I've recently had interesting discussions with colleagues in Information Systems regarding testing directional hypotheses. Following their request, I'm posting about this apparently illusive issue.

In information systems research, the most common type of hypothesis is directional, i.e. the parameter of interest is hypothesized to go in a certain direction. An example would be testing the hypothesis that teenagers are more likely than older folks to use Facebook. Another example is the hypothesis that higher opening bids on eBay lead to higher final prices. In the Facebook example, the researcher would test the hypothesis by gathering data on Facebook usage by each age group, then comparing the average usage of each group, and if the teenager's average is sufficiently larger, then the hypothesis would be supported (at some statistically significant level). In the eBay example, a researcher might collect information on many eBay auctions, then fit a regression of price on the opening bid (and controlling for all other types of factors). If the regression coefficient turns out to be sufficiently larger than zero, then the researcher could conclude that the hypothesized effect is true (let's put aside issues of causality for the moment).

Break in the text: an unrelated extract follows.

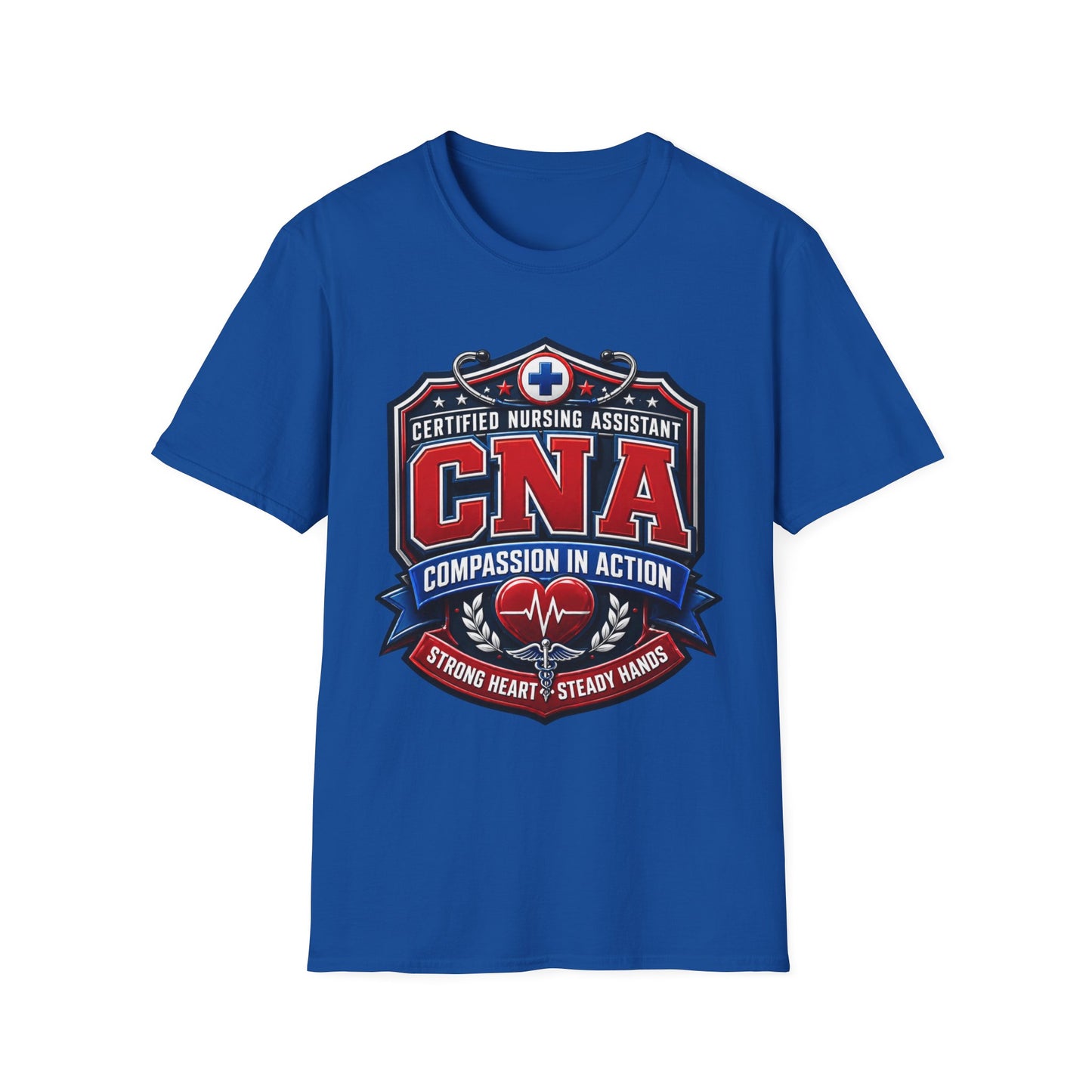 CNA T-Shirt – Certified Nursing Assistant ‘Compassion in Action’ Design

More formally, for the Facebook hypothesis the test statistic would be a T statistic of the form
T = (teenager Average - older folks Average) / Standard Error
The test statistic for the eBay example would also be a T statistics of the form:
T = opening-bid regression coefficient / Standard Error

Note an important point here: when stating a hypothesis as above (namely, "the alternative hypothesis"), there is always a null hypothesis that is the default. This null hypothesis is often neglected to be mentioned expliciltly in Information Systems articles, but let's make clear that in directional hypotheses such as the ones above, the null hypothesis includes both the "no effect" and the "opposite directional effect" scenarios. In the Facebook example, the null includes both the case that teenagers and older folks use Facebook equally, and that teenagers use Facebook less than older folks. In the eBay example, the null includes both cases of "opening bid doesn't affect final price" and "opening bid lowers final price".

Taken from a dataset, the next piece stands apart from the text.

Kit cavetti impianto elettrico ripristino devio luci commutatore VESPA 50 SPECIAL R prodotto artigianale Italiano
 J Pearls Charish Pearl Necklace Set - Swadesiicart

Getting back to the T test statistics (or any other test statistic, for this matter): To evaluate whether the T is sufficiently extreme to reject the null hypothesis (and support the researcher's hypothesis), information systems researchers typically use a p-value, and compare it to some significince level. BUT, computing the p-values must take into account the directionality of the hypothesis! The default p-value that you'd get from running a regression model in any standard software is for a non-directional hypothesis! To get the directional p-value you would either divide that p-value by 2, if the sign of the T statistic is in the "right" direction (positive if your hypothesis said positive; negative if your hypothesis said negative), or you would have to use 1-p-value/2. In the first case, mistakenly using the software p-value would result in missing out on real effects (loss of statistical power), while in the latter case you might infer an effect, when there is none (or maybe there even is an effect in the opposite direction).

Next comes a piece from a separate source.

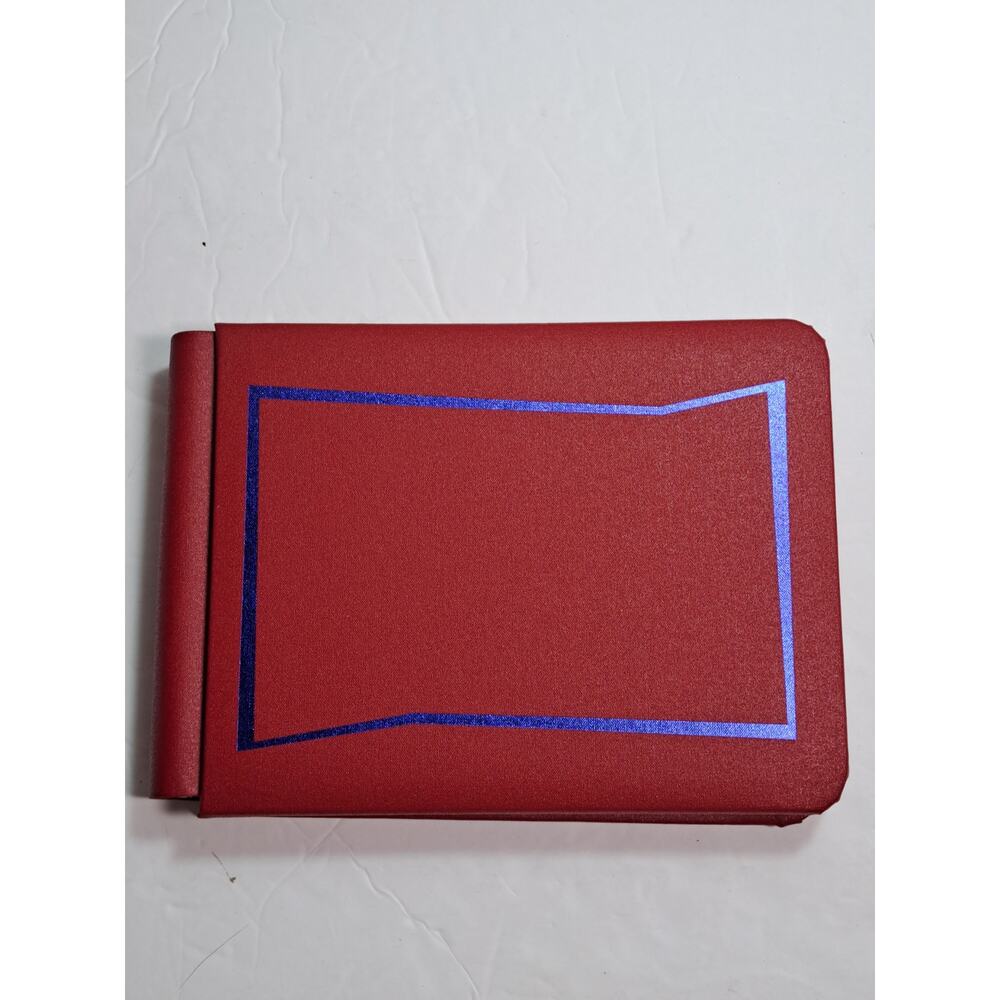 Creative Memories Album Scrapbook Red Cover Blue 8x6 New No Packaging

The solution to this confusion is to examine each hypothesis for its directionality (think what the null hypothesis is), then construct the corresponding p-value carefully. Some tests in some software packages will allow you to specify the direction and will give you a "kosher" p-value. But in many cases, regression being an example, most software will only spit out the no-directional p-value. Or just get a die-hard statistician on board.

Which reminds me again why I don't like p-values. For lovers of confidence intervals, I promise to post about confidence intervals for directional hypotheses (what is the sound of a one-sided confidence interval?)